■ YOUR TASK ■
Word for word, copy the line that contains "JOHNSON MATTHEY ASSAYERS" and each line after it in the data below. Pictures stay out of the copy.

- Opening Delimiter -

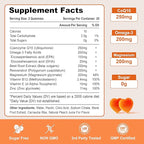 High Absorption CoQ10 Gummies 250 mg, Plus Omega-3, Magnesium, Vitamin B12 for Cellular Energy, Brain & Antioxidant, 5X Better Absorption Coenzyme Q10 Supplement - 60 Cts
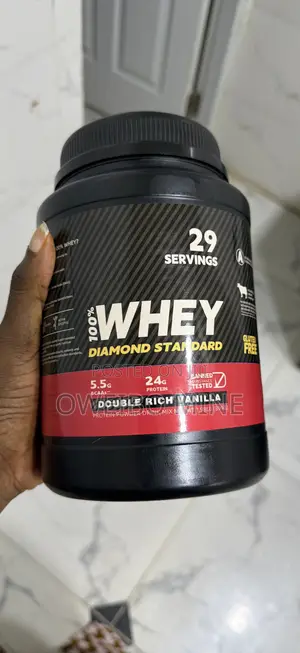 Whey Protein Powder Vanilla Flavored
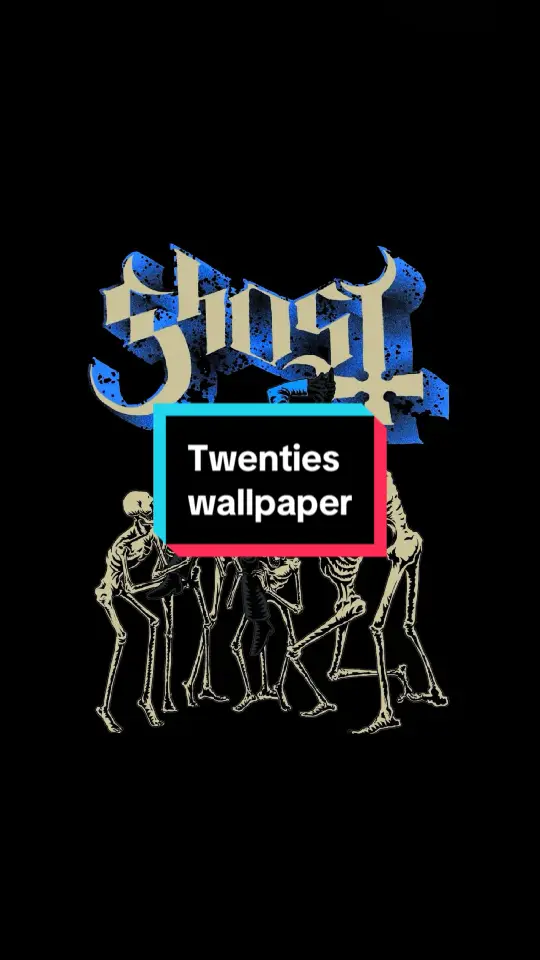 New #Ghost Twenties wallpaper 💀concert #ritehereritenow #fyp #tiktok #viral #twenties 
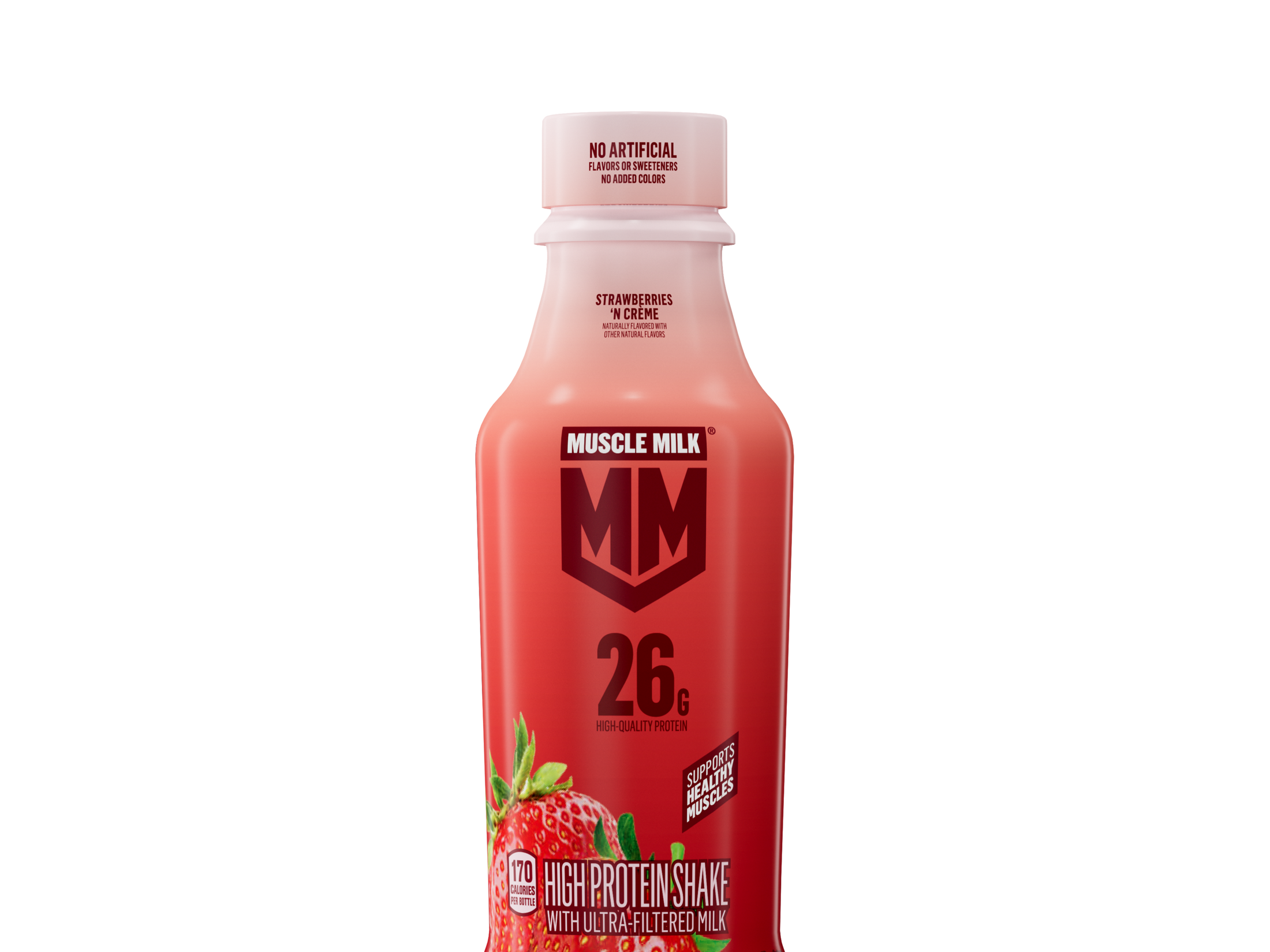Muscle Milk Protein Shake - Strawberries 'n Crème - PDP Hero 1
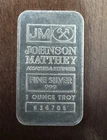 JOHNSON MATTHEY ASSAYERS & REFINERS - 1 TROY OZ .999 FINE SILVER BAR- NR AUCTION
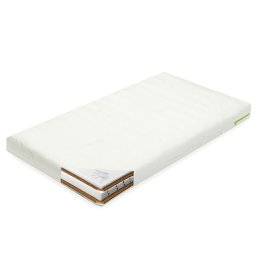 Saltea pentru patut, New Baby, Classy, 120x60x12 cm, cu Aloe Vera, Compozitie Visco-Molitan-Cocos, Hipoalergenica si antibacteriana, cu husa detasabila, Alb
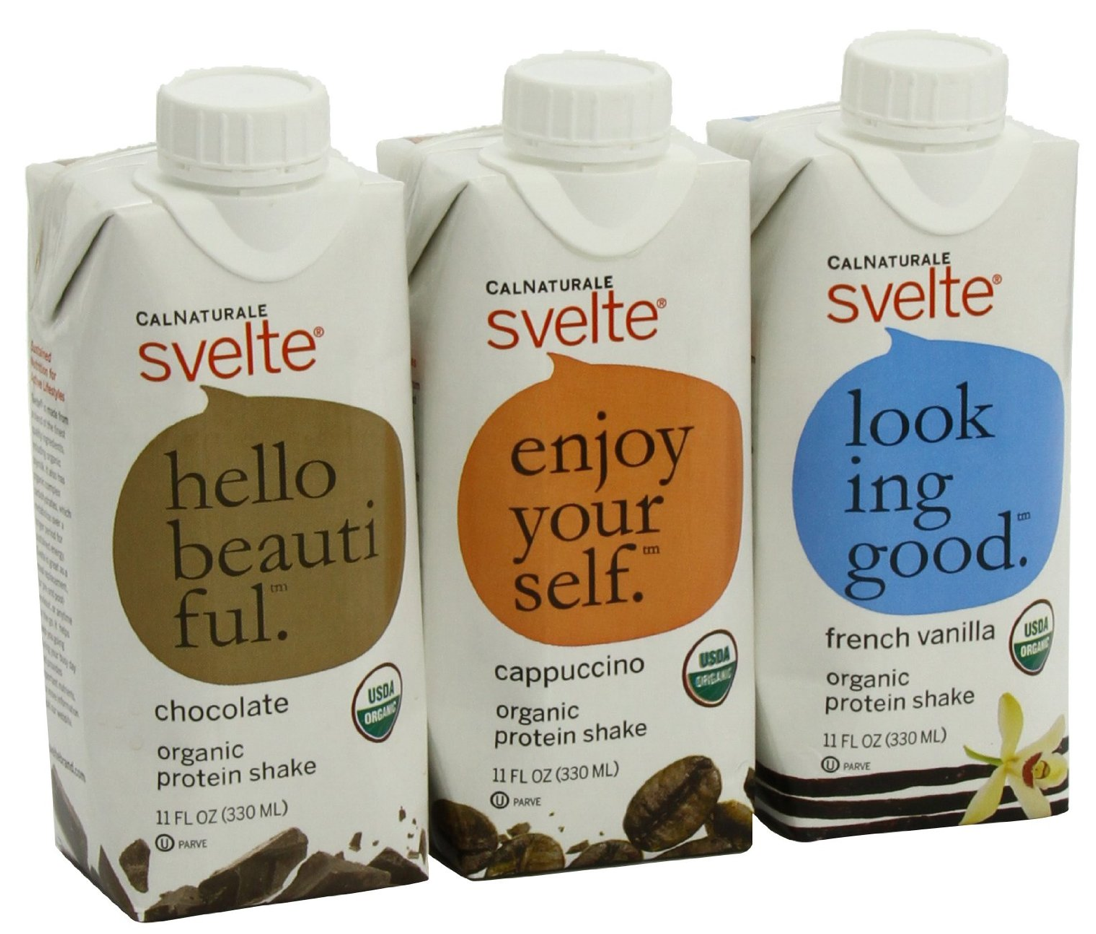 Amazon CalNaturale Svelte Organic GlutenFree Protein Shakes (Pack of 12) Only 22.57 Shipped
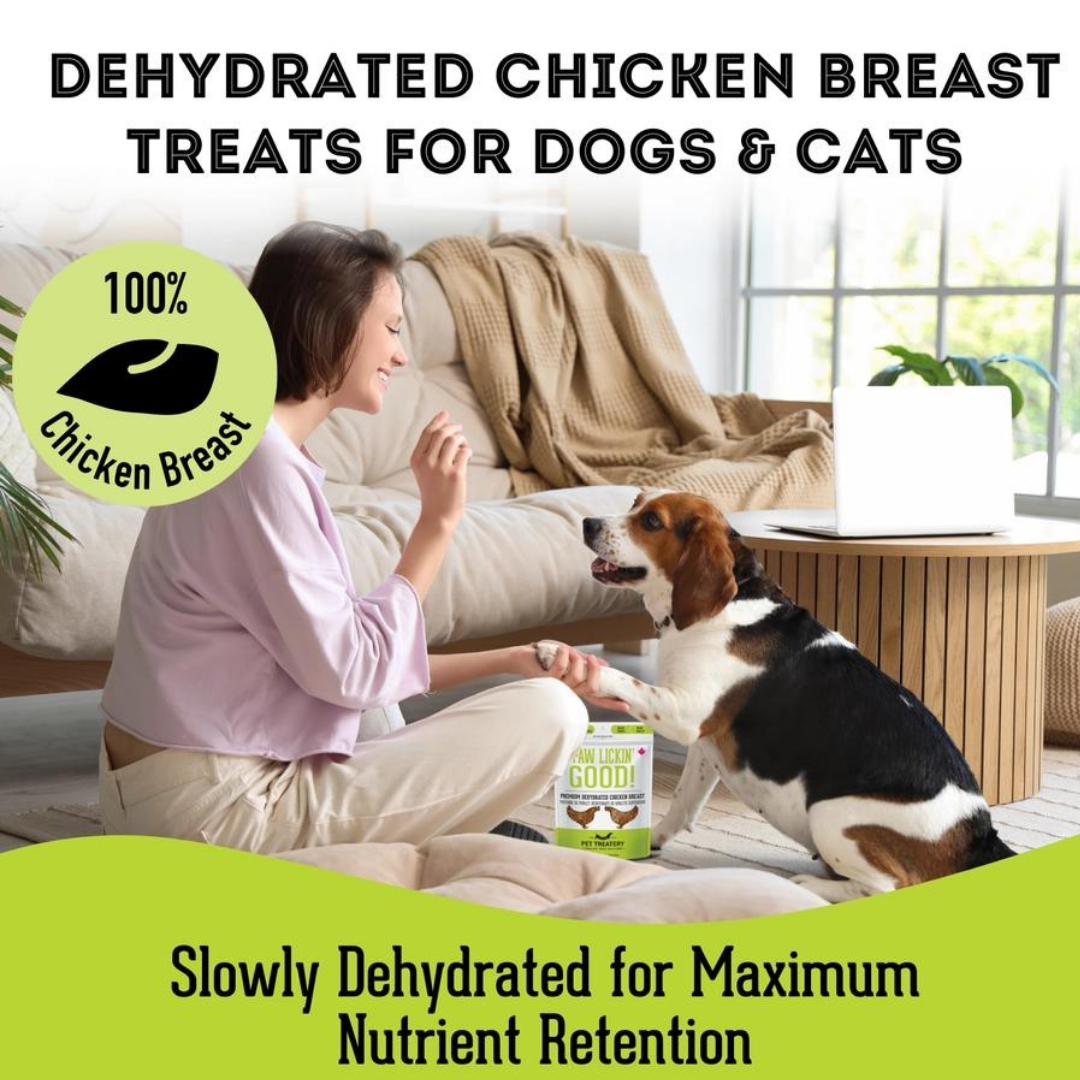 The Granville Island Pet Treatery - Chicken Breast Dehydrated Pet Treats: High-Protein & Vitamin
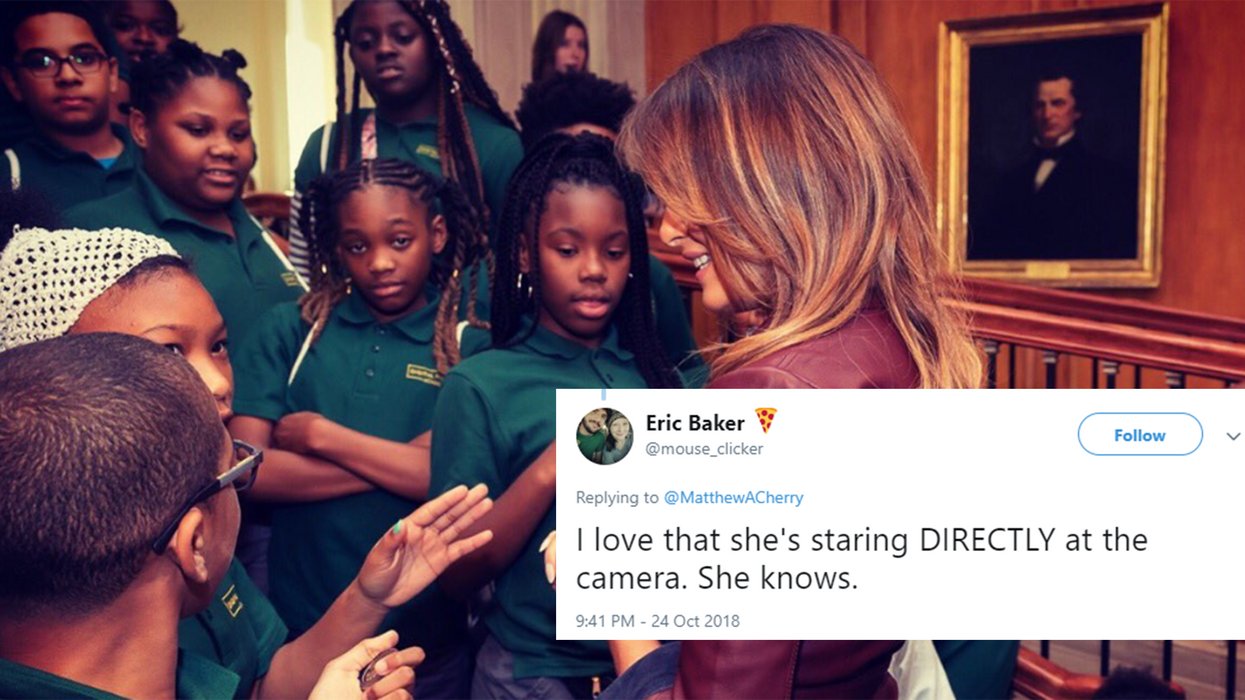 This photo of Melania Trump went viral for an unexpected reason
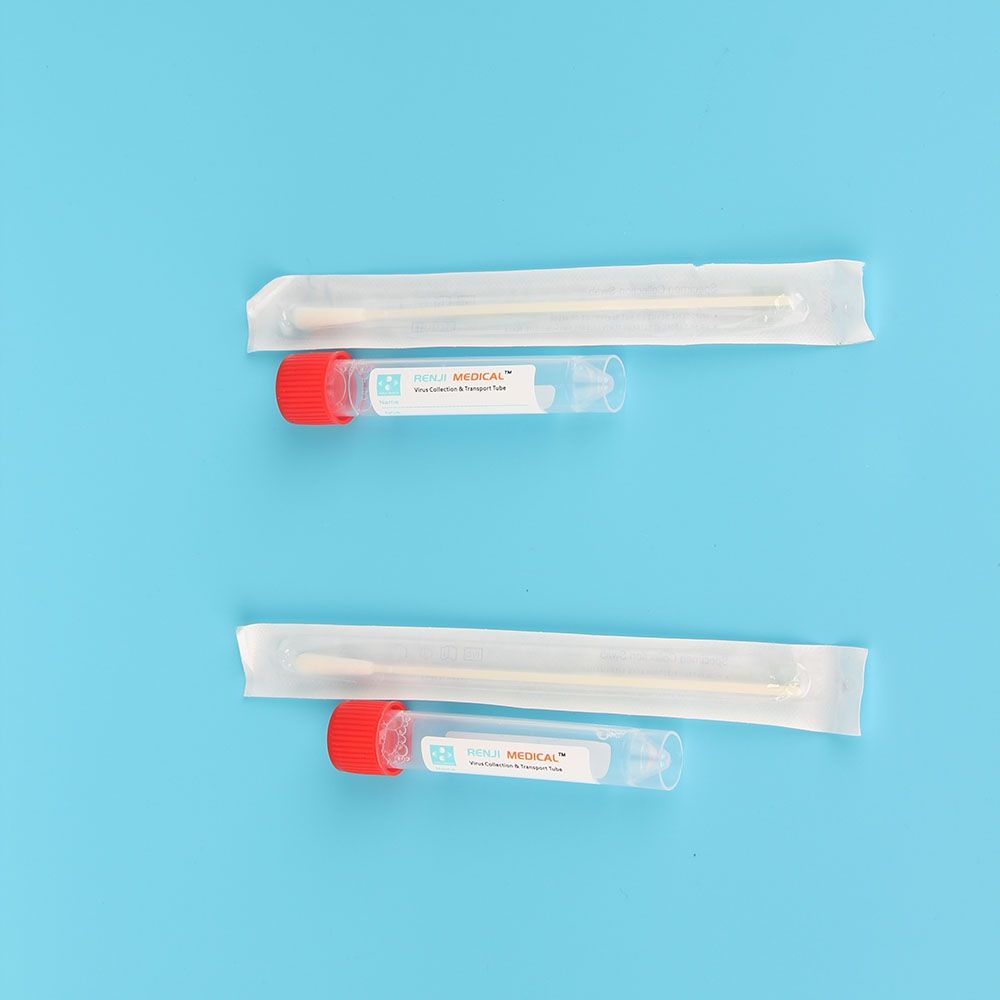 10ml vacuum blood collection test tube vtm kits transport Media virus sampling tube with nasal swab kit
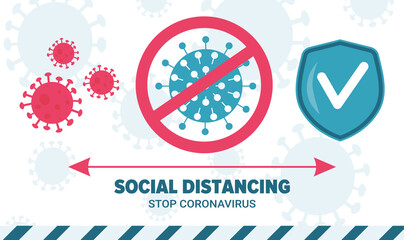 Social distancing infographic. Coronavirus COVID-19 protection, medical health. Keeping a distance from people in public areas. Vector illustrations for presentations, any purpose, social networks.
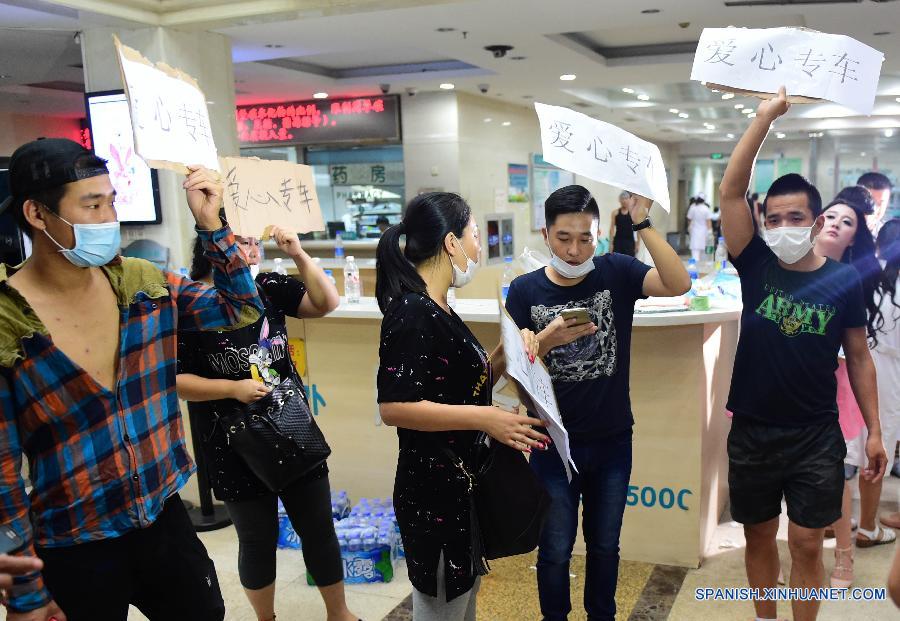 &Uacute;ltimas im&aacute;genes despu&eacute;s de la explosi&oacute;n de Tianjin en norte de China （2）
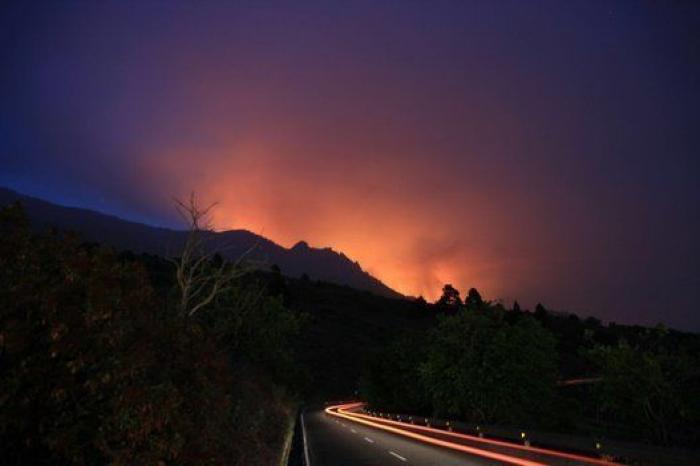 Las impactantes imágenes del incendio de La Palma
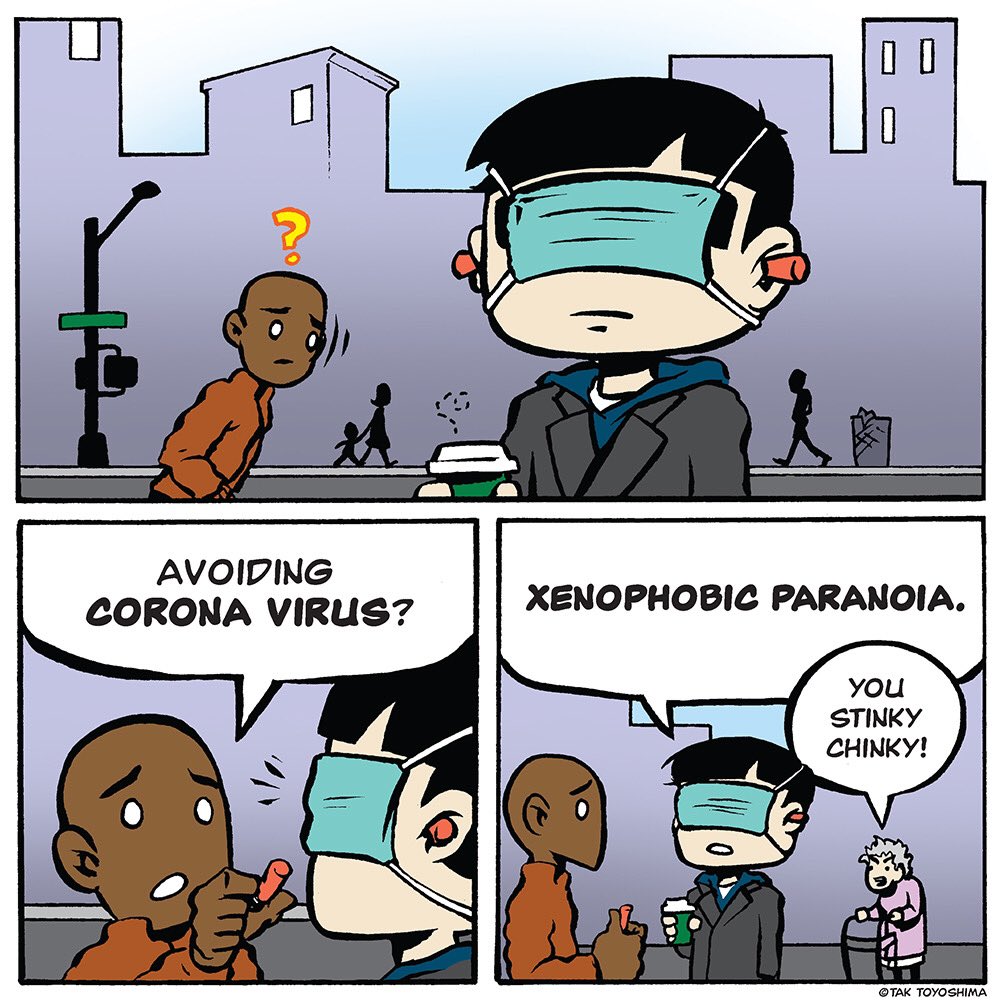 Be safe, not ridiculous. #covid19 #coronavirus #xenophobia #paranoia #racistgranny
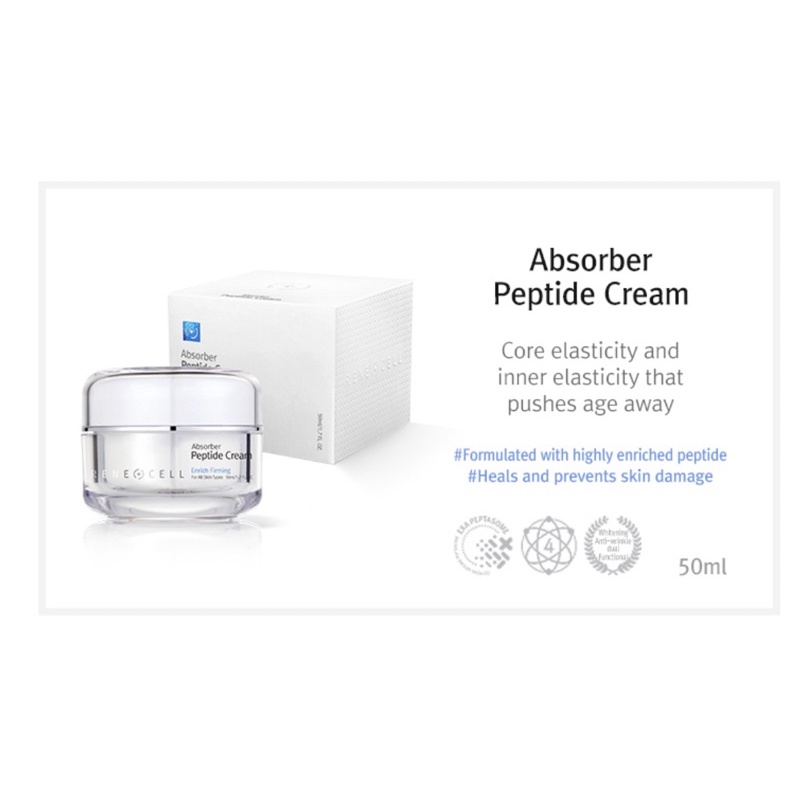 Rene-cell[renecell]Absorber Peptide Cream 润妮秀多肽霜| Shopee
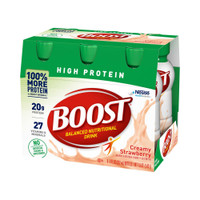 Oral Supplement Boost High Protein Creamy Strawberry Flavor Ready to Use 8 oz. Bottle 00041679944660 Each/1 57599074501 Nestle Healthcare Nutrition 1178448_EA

- Closing Delimiter -

■ SOLVED PROBLEM ■
 JOHNSON MATTHEY ASSAYERS & REFINERS - 1 TROY OZ .999 FINE SILVER BAR- NR AUCTION
 Saltea pentru patut, New Baby, Classy, 120x60x12 cm, cu Aloe Vera, Compozitie Visco-Molitan-Cocos, Hipoalergenica si antibacteriana, cu husa detasabila, Alb
 Amazon CalNaturale Svelte Organic GlutenFree Protein Shakes (Pack of 12) Only 22.57 Shipped
 The Granville Island Pet Treatery - Chicken Breast Dehydrated Pet Treats: High-Protein & Vitamin
 This photo of Melania Trump went viral for an unexpected reason
 10ml vacuum blood collection test tube vtm kits transport Media virus sampling tube with nasal swab kit
 Social distancing infographic. Coronavirus COVID-19 protection, medical health. Keeping a distance from people in public areas. Vector illustrations for presentations, any purpose, social networks.
 &Uacute;ltimas im&aacute;genes despu&eacute;s de la explosi&oacute;n de Tianjin en norte de China （2）
 Las impactantes imágenes del incendio de La Palma
 Be safe, not ridiculous. #covid19 #coronavirus #xenophobia #paranoia #racistgranny
 Rene-cell[renecell]Absorber Peptide Cream 润妮秀多肽霜| Shopee
 Oral Supplement Boost High Protein Creamy Strawberry Flavor Ready to Use 8 oz. Bottle 00041679944660 Each/1 57599074501 Nestle Healthcare Nutrition 1178448_EA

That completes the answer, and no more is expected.